All written or oral forward-looking statements attributable to the Company are expressly qualified in their entirety by these cautionary statements. The Company undertakes no obligation to publicly update or otherwise revise any forward-looking statements, whether as a result of new information, future events or otherwise.


Management's Discussion and Analysis of Financial Condition and Results of Operations of the Company analyzes the major elements of the Company's balance sheets and statements of income. This section should be read in conjunction with the Company's Condensed Consolidated Financial Statements and accompanying notes and other detailed information appearing elsewhere in this document.

Overview

The Company recorded net income of $3.4 million for the three months ended September 30, 2013, an increase of $567,000 compared with the same quarter in 2012. The Company's diluted earnings per common share for the three months ended September 30, 2013 were $0.18, compared with $0.15 for the same quarter in 2012. Diluted earnings per share is computed by dividing net income (after deducting dividends on preferred stock) by the weighted-average number of common shares and potentially dilutive common shares outstanding at the end of the period.
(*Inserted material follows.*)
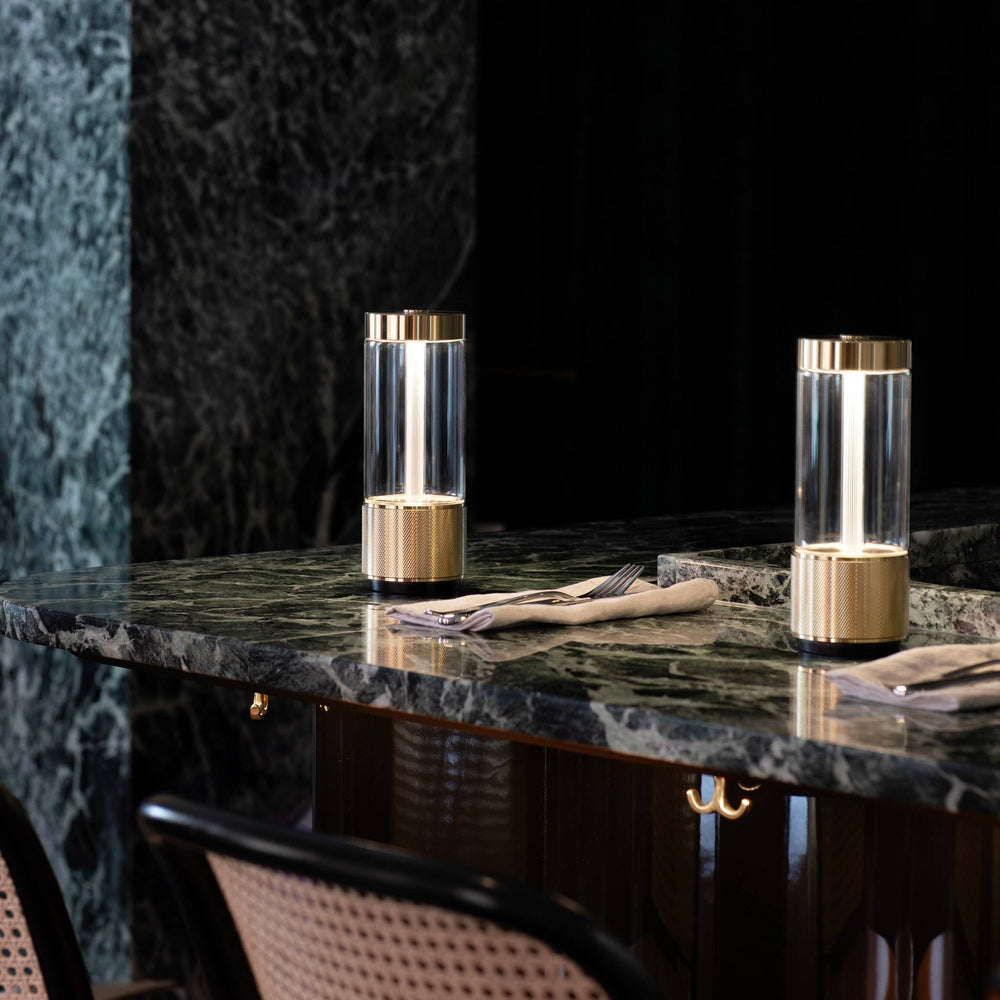 Lampa portabilă Takeout Buster + Punch IP65, 3 trepte lumină, interior & exterior, finisaj alamă / oțel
The Company recorded net income of $9.3 million for the nine months ended September 30, 2013 an increase of $996,000 compared with $8.3 million for the same period in 2012. The Company's diluted earnings per common share for the nine months ended September 30, 2013 were $0.49 compared with $0.47 for the same period in 2012. Details of the changes in the various components of net income are further discussed below.
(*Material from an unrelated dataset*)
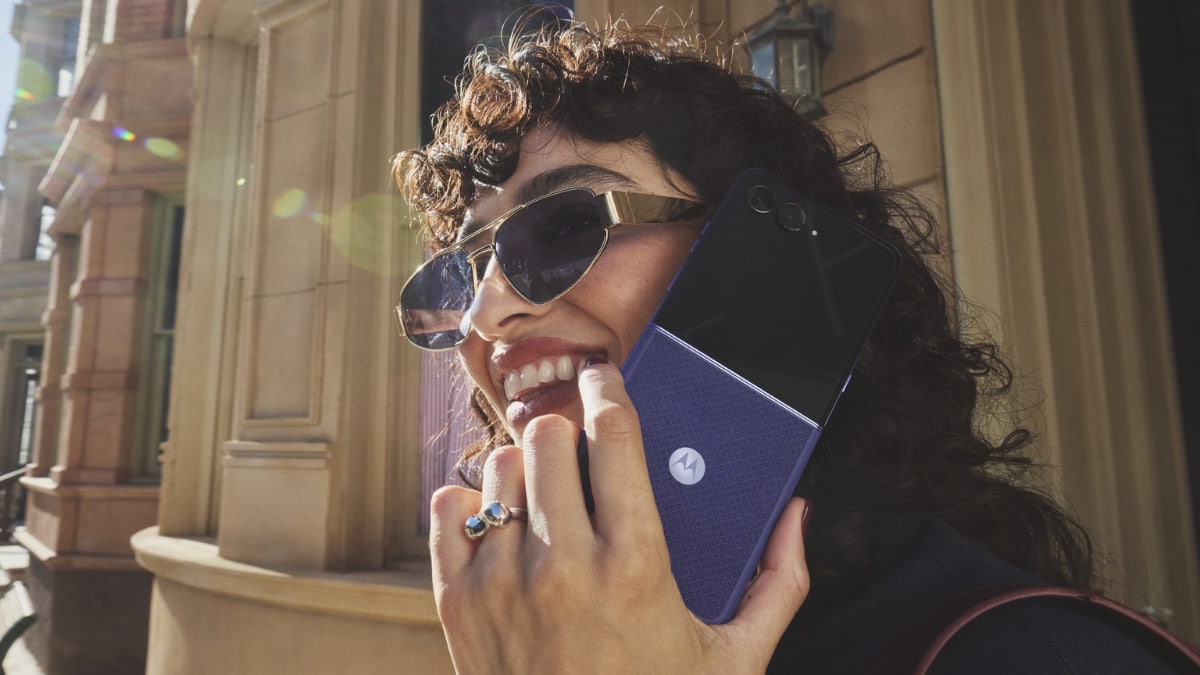 Motorola Razr Ultra 2026 Özellikleriyle Etkiliyor, Fiyatıyla Zorluyor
Total assets were $1.63 billion at September 30, 2013, an increase of $114.6 million or 7.5% from $1.52 billion at December 31, 2012. Available-for-sale investment securities at September 30, 2013 were $183.7 million, an increase of $19.6 million or 12.0% from $164.0 million at December 31, 2012. Net loans, including loans held-for-sale, at September 30, 2013 were $1.16 billion, an increase of $88.3 million or 8.2% from $1.08 billion at December 31, 2012. Total deposits at September 30, 2013 were $1.35 billion, an increase of $85.4 million or 6.7% from $1.27 billion at December 31, 2012. Other borrowings at September 30, 2013 were $46.0 million, an increase of $21.0 million or 84.0% from $25.0 million at December 31, 2012. The Company's return on average assets ("ROAA") for the three months ended September 30, 2013 and 2012 was 0.85% and 0.76%, respectively. The Company's return on average equity ("ROAE") for the three months ended September 30, 2013 and 2012 was 7.66% and 6.61%, respectively. The Company's ROAA for the nine months ended September 30, 2013 and 2012 was 0.79% and 0.73%, respectively. The Company's ROAE for the nine months ended September 30, 2013 and 2012 was 6.91% and 6.28%, respectively. Shareholders' equity at September 30, 2013 was $180.1 million compared with $177.0 million at December 31, 2012, an increase of $3.1 million or 1.7%. Details of the changes in the various balance sheet items are further discussed below.

Recent Developments

Definitive Agreement for Merger - On September 18, 2013, East West and the Company announced that they have entered into a definitive agreement for the merger of the Company into East West. Under the terms of the definitive agreement, East West will acquire the outstanding shares of the Company for the lesser of $14.60 per share and 1.72 times the per share tangible equity, as adjusted, for an aggregate purchase price of approximately $273 million based on the 18,699,638 shares outstanding as of September 30, 3013. The shareholders of the Company will receive two-thirds of the merger consideration in shares of East West common stock and the remainder in cash. The exchange ratio for determining the number of shares of East West common stock deliverable to shareholders of the Company will be based on the weighted average closing price of East West's common stock over a 60 trading day measurement period ending five days prior to the effective time of the merger, subject to the limitation that if the average closing price of East West common stock is equal or greater than $32.00, the per share stock consideration will be calculated by dividing the stock portion of the per share merger consideration by $32.00. If the average closing price of East West common stock is less than or equal to $28.00, the per share stock consideration will be calculated by dividing the stock portion of the per share merger consideration by $28.00.

Results of Operations

Net Interest Income and Net Interest Margin. For the three months ended September 30, 2013, net interest income, before the provision for loan losses, was $13.7 million, an increase of $43,000 or 0.3% compared with $13.6 million for the same period in 2012, primarily due to loan growth and lower cost of deposits partially offset by declines in the yields on loans and securities and an increase in the volume of borrowings. Average interest-earning assets for the three months ended September 30, 2013 were $1.52 billion, an increase of $107.4 million or 7.6% compared with $1.41 billion for the same period in 2012, primarily due to an increase in loans and securities, partially offset by a decrease in federal funds sold. The weighted average yield on interest-earning assets for the third quarter of 2013 was 4.19%, a decrease of 32 basis points compared with 4.51% for the same quarter in 2012. Average interest-bearing liabilities for the three months ended September 30, 2013 were $1.08 billion, an increase of $42.4 million or 4.1% compared with $1.04 billion for the same period in 2012, primarily due to an increase in time deposits and other borrowings partially offset by a decline in savings and money market accounts. The weighted average interest rate paid on interest-bearing liabilities for the third quarter 2013 was 0.87%, a decrease of four basis points compared with 0.91% for the same quarter in 2012.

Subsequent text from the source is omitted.